JI has survived partly because it is held together by an intricate pattern of kinship.
Generally, people do not gravitate to JI due to some individual pathology. Indeed, most recruits look, dress and behave like normal individuals, at least until they are given a deadly mission or are deeply engaged with the JI ideology and group. The choice to become a terrorist or engage in terrorist activities is a gradual process with many routes toward this type of political violence.
Once inside the group, JI members tend to cement ideological and other bonds by marrying the sisters and daughters of their comrades-in-arms. This is a unique tool utilized for recruitment and for further engagement in the JI cause, thus limiting disengagement options for JI members and blocking effective counter-terrorism tactics.
Therefore, it becomes difficult for a member to defect from JI without seeming to betray his family in the process of disengagement.

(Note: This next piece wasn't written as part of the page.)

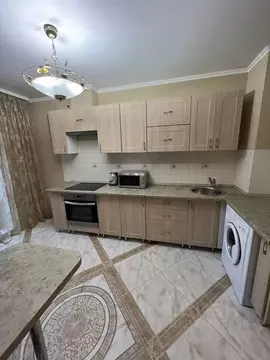 1-к кв. Омская область, Омск бул. Архитекторов, 4/1 (60.0 м)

Kinship ties help to keep the network secure from infiltration. JI as a case study offers several examples highlighting the complexity of kinship links in terrorism, such as relationships between two or more male siblings, between in-laws, between fathers and sons, as well as more distant kinship relations.
Sibling Relationships
The use of sibling relationships in jihadi recruitment is to provide further ideological support for the recruits beyond the group itself. Sometimes two or more brothers are recruited for jihad, helping each other during an operation and providing each other inspiration and reassurance. This particular type of recruitment is an effective use of kinship to ensure deeper engagement with the cause and group.
One example of such sibling kinship and terrorism is the family of Achmad Kandai. In the 1950s, he belonged to the hard-core movement Darul Islam, which tried to assassinate the first Indonesian President Sukarno in 1957. Darul Islam is an Islamic Indonesian rebellion movement whose aim has been to turn the country into a state ruled by Islamic law. For more than five decades, Darul spawned many offshoots and splinters that committed violent acts in the name of jihad [1].

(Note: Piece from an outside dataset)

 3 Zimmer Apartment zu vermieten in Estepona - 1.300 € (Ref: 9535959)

Nasir, a brother of Kandai’s, worked with Abdullah Sungkar and Abubakar Ba’asyir, two successive spiritual heads of JI in Malaysia in the 1980s and 1990s. Kandai’s sons Farihin bin Ahmad, Abdul Jabar, Mohammed Islam and Solahudin all became jihadists. In August 2000, Ahmad and Jabar participated in the attack on the Philippine ambassador’s Jakarta residence that killed two people and injured 22 others, including Ambassador Leonides Caday (Washington Diplomat, August 1, 2000).
Mohammed Islam, the third brother, became involved in several bombings during the religious conflict in Poso in Central Sulawesi where violence between Muslims and Christians led to hundreds of deaths on both sides between late 1998 and 2002 (and where intermittent violence continues to this day) [2].

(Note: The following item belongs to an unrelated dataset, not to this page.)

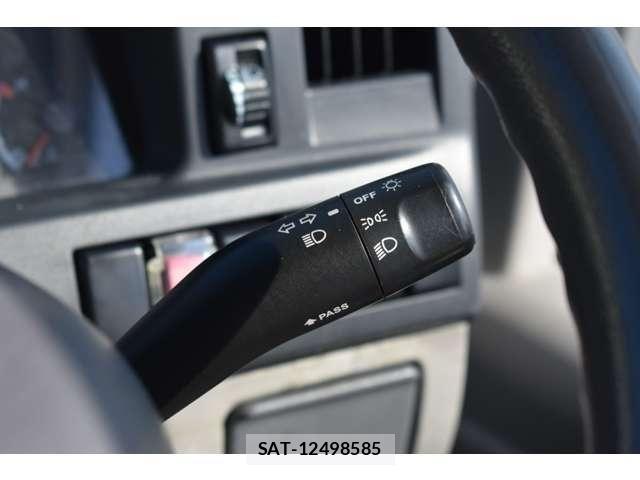 Isuzu ELF TRUCK 2014-03 4753204-13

The fourth brother, Solahudin, was among those arrested in the April 29 raid in Wonosobo, Central Java. He is now under police interrogation for his involvement in a series of terrorist attacks including the bombing of the Atrium shopping mall in August 2001 where the designated bomber lost his leg and was arrested after the bomb he was carrying blew up prematurely [3].
The complex kinship relations found in terrorism, illustrated by the Kandai family, is not an anomaly in the JI terrorist faction. The al-Ghozi family is another jihadi family. Faturrahman al-Ghozi, who was shot and killed by the Philippine police in 2003, was one of JI’s main bomb-makers. Among other actions, he was the perpetrator of the devastating Rizal Day bombing in Manila in 2000 that killed 12 people and wounded 19 others (Inquirer News Service, July 8, 2003).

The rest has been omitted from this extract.